War früher ein Gebäude durchwegs Konsument, wird es nun Erzeuger, der nur im Bedarfsfall auf ein Versorgungsnetz zugreifen muss und teilweise auch in das Netz einspeist. Eine wechselseitige Beziehung entsteht.
Die Wahl, welche erneuerbaren Energieträger im konkreten Fall möglich sind, hängt sehr stark von den lokalen und baulichen Gegebenheiten ab: Verfügbarkeit von Energieträgern im näheren Umfeld, bauliche Möglichkeiten (Bestand vs. Neubau) sowie dem rechtlichen Rahmen. Über die eigenen Gebäudegrenzen hinaus sollte außerdem in Energiegemeinschaften gedacht werden.
Um effektiv zur Dekarbonisierung des Planeten beizutragen, ist es unerlässlich, die Emissionen aus dem gesamten Lebenszyklus von Gebäuden zu berücksichtigen; die Rede ist von „Whole Life Carbon Werten“. Das bedeutet, dass wir nicht nur die Emissionen während des Betriebs von Gebäuden reduzieren müssen, sondern auch diejenigen, die während Herstellung, Renovierung und Abbruch auftreten.
Während sich die Dekarbonisierung des Gebäudebetriebs vor allem rund um das Thema Energieverbrauch und erneuerbare Energien dreht, liegen die Antworten im Bereich verbaute Emissionen im Bereich der Kreislaufwirtschaft, BIM-basierte Planung, Suffizienz und Wiederverwendung von Gebäudeteilen.
All das verlangt Immobilienverantwortlichen eine Haltung ab, in der sie das Ziel der CO2-Reduktion als Entscheidungsparameter mitführen – unabhängig von der aktuellen Lebenszyklusphase der Immobilie.

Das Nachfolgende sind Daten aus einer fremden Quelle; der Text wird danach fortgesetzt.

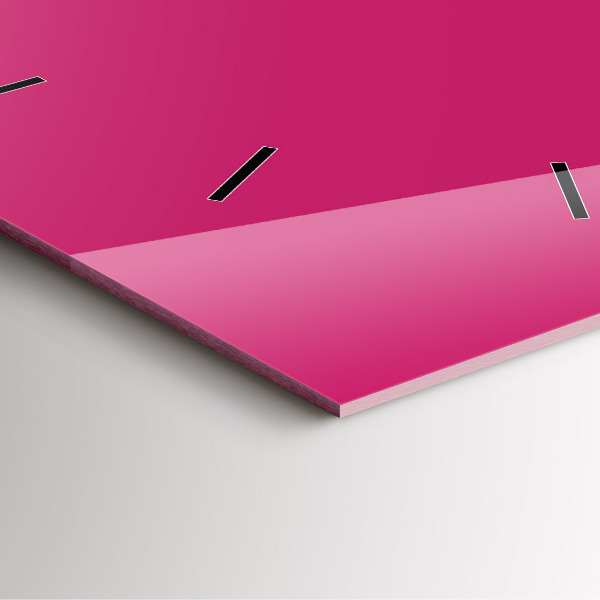 Wanduhr quadratisch Farbe kräftiges Rosa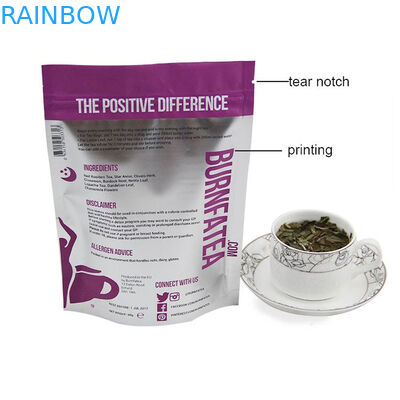 Cetak Mylat Tea Bag Packaging Dengan Ziplock, Custom Tea Reclosable Packaging Doy Pack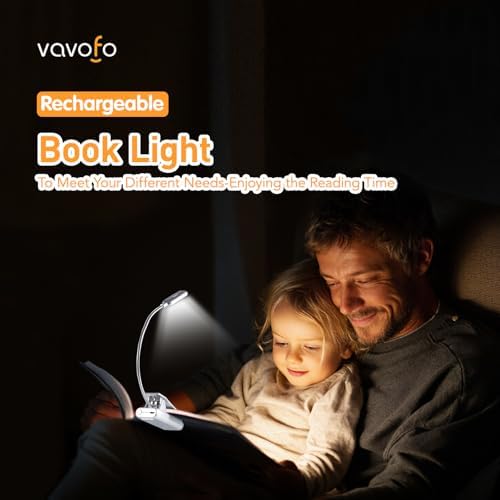 VAVOFO Rechargeable Reading Light, Clip on Book Light for Reading in Bed - Image 2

Net Zero muss als Bewertungskriterium
zur Standortwahl,
für die Budgetvorgabe in Planungswettbewerben,
in der Optimierung der Gebäudestrukturen und bei Ökobilanzen durch Building Information Modeling (BIM),
zur Berücksichtigung wesentlicher Mess- und Steuerungstechnik in Planungsphasen, um Betriebsdaten verfügbar zu machen und
in der ständigen Optimierung der Verbräuche während des Betriebs mithilfe eines digitalen Informationsmanagements (DIM)
fest verankert werden.
Aus unserer Sicht entsteht dann ein enormes Potenzial, um den CO2-Fußabdruck von Immobilien zu reduzieren und die Ziele des Klimaschutzes zu erreichen, wenn Nutzer:innen-Verhalten und Immobilie ineinandergreifen. Heißt: Wenn ein energie- und ressourcenschonender Umgang der Nutzer:innen auf eine energieeffiziente und klimaschonende Gebäudeinfrastruktur trifft.